- _Information provided_
+ + + + + + +
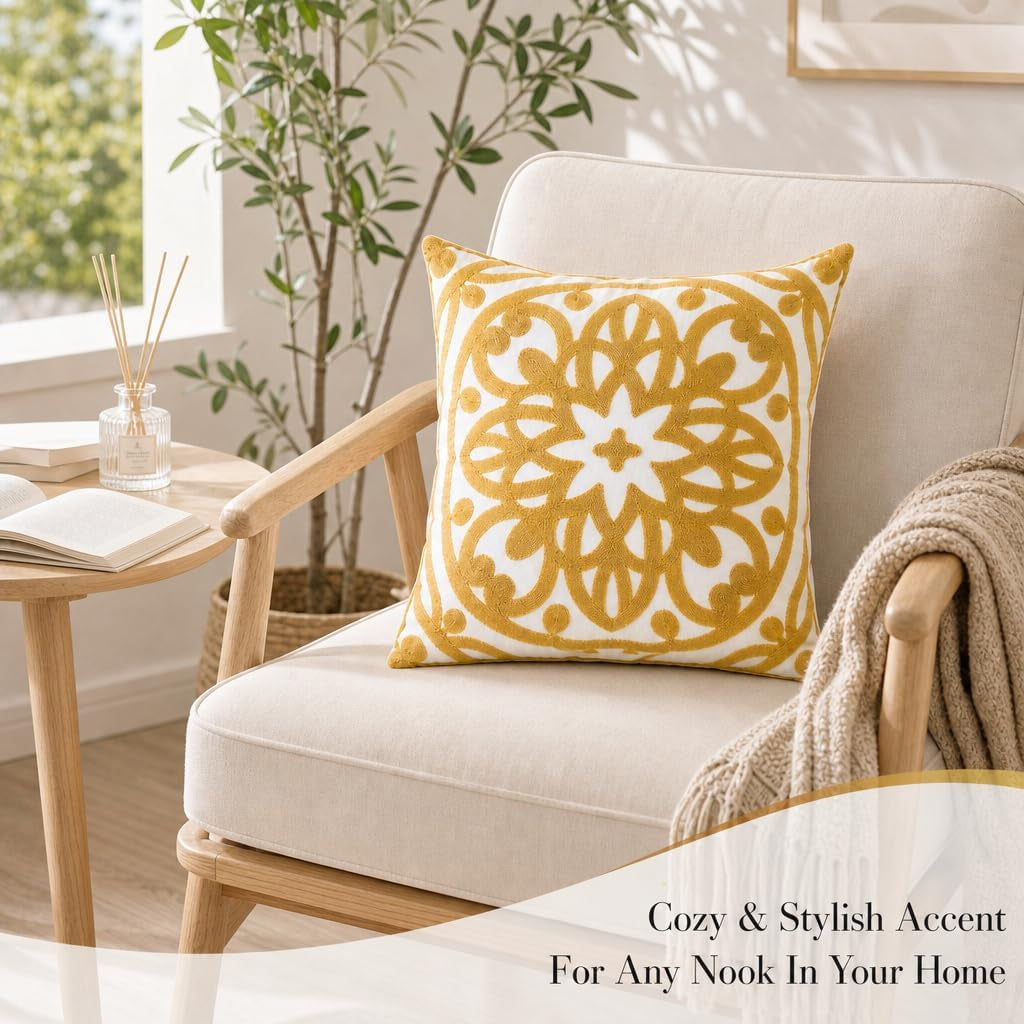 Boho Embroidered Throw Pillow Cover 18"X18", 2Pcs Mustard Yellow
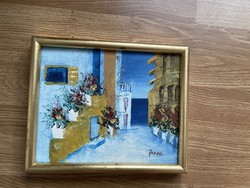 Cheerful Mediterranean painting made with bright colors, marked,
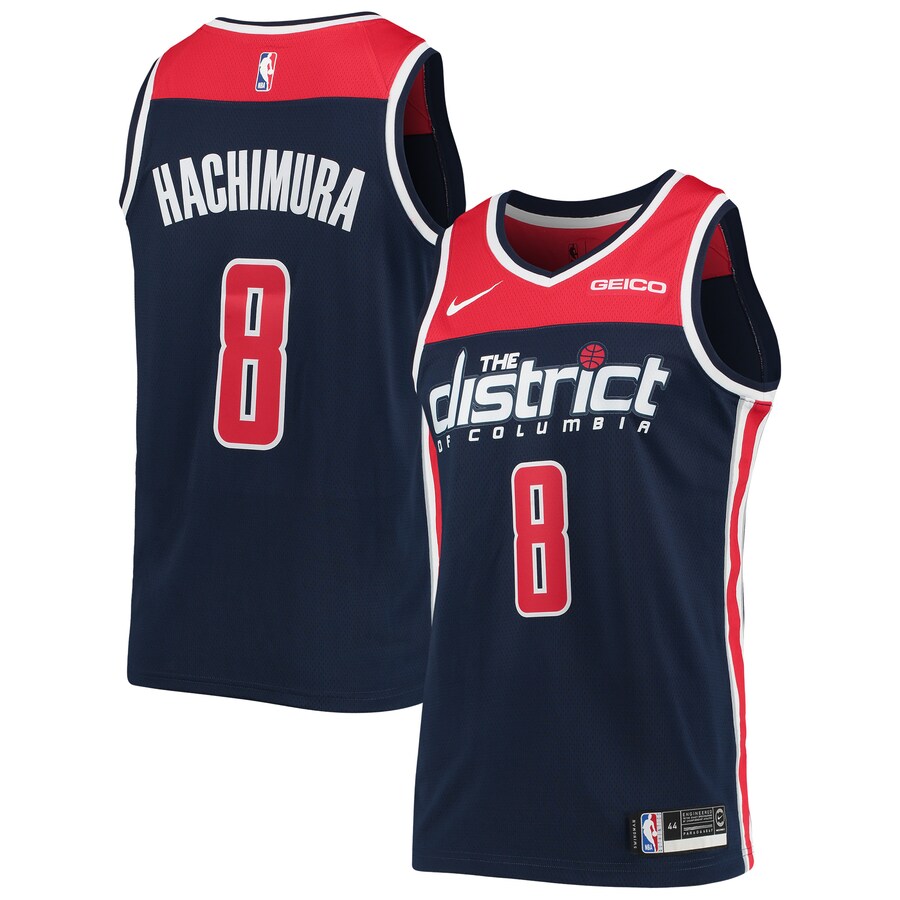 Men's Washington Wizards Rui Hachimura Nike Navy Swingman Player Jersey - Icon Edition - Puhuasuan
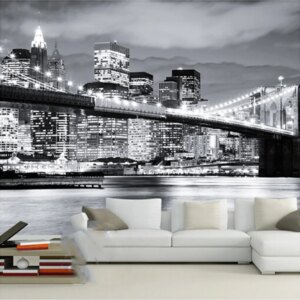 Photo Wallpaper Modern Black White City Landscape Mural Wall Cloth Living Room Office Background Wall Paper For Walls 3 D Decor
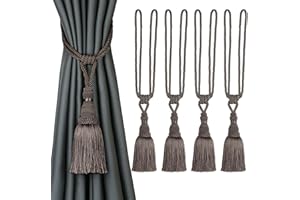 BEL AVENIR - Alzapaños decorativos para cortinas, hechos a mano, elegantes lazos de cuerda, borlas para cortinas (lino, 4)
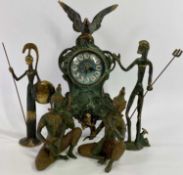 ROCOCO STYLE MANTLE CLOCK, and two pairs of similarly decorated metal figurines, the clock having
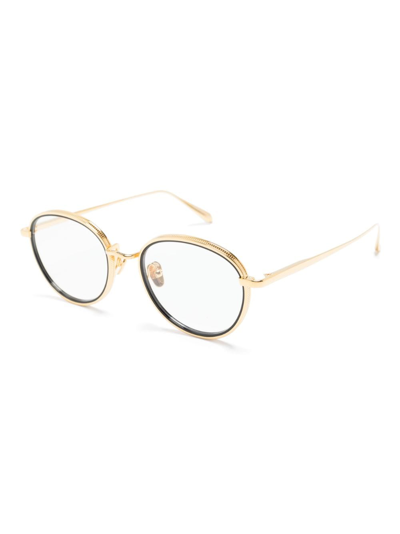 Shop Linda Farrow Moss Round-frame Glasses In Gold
+ + + + + + +
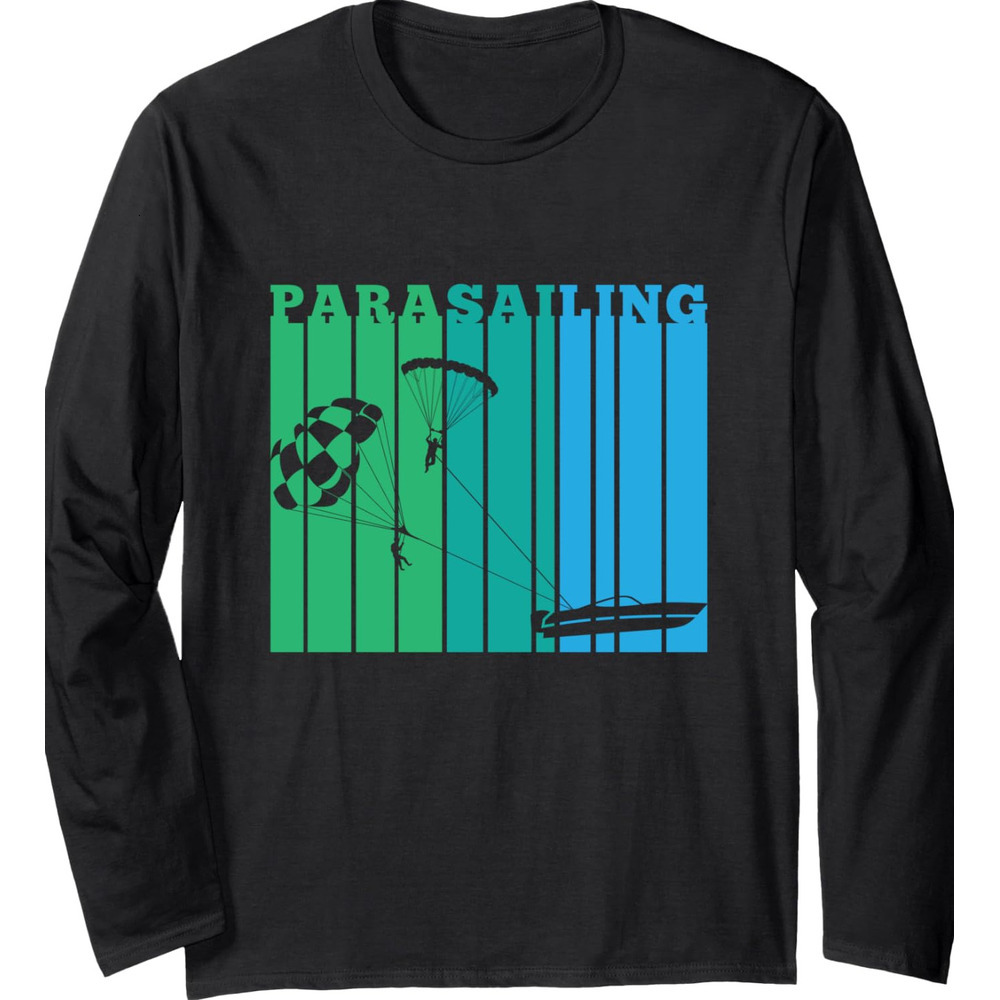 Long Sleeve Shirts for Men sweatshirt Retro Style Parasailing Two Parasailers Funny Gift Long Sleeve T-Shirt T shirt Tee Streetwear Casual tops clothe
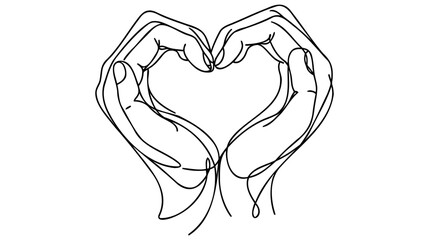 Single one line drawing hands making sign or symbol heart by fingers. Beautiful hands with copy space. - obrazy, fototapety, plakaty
+ + + + + + +
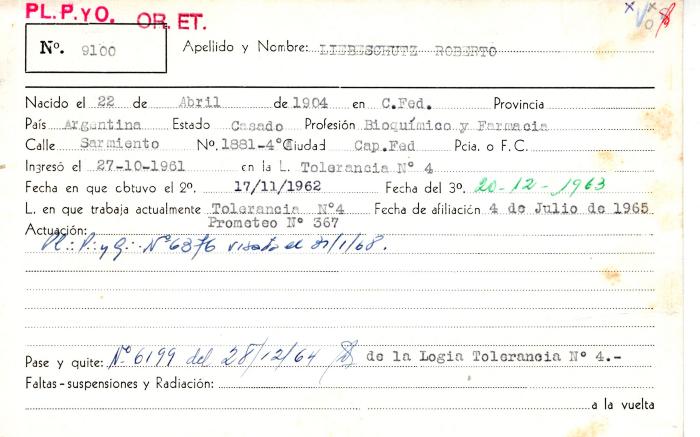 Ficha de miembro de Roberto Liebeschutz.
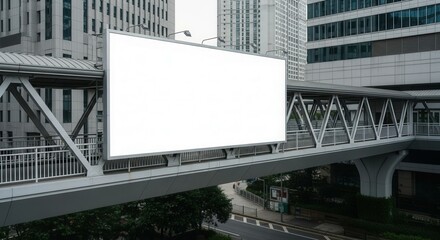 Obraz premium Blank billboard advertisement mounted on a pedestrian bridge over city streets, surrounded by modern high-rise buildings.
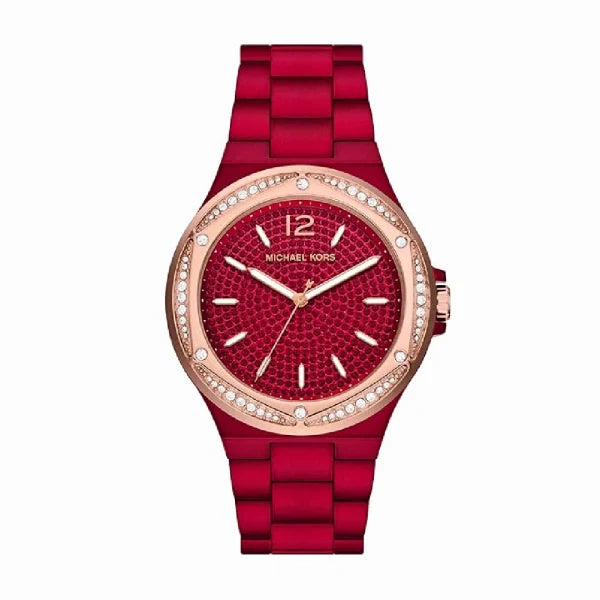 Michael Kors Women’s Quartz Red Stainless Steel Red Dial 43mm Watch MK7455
+ + + + + + +
- _Exercise objective_
What lines above run from the one with "Boho Embroidered Throw" to the one with "Shop Linda Farrow"? Give them again exactly, ends included, and leave the pictures out.

- _Answer to the exercise_
 Boho Embroidered Throw Pillow Cover 18"X18", 2Pcs Mustard Yellow
 Cheerful Mediterranean painting made with bright colors, marked,
 Men's Washington Wizards Rui Hachimura Nike Navy Swingman Player Jersey - Icon Edition - Puhuasuan
 Photo Wallpaper Modern Black White City Landscape Mural Wall Cloth Living Room Office Background Wall Paper For Walls 3 D Decor
 BEL AVENIR - Alzapaños decorativos para cortinas, hechos a mano, elegantes lazos de cuerda, borlas para cortinas (lino, 4)
 ROCOCO STYLE MANTLE CLOCK, and two pairs of similarly decorated metal figurines, the clock having
 Shop Linda Farrow Moss Round-frame Glasses In Gold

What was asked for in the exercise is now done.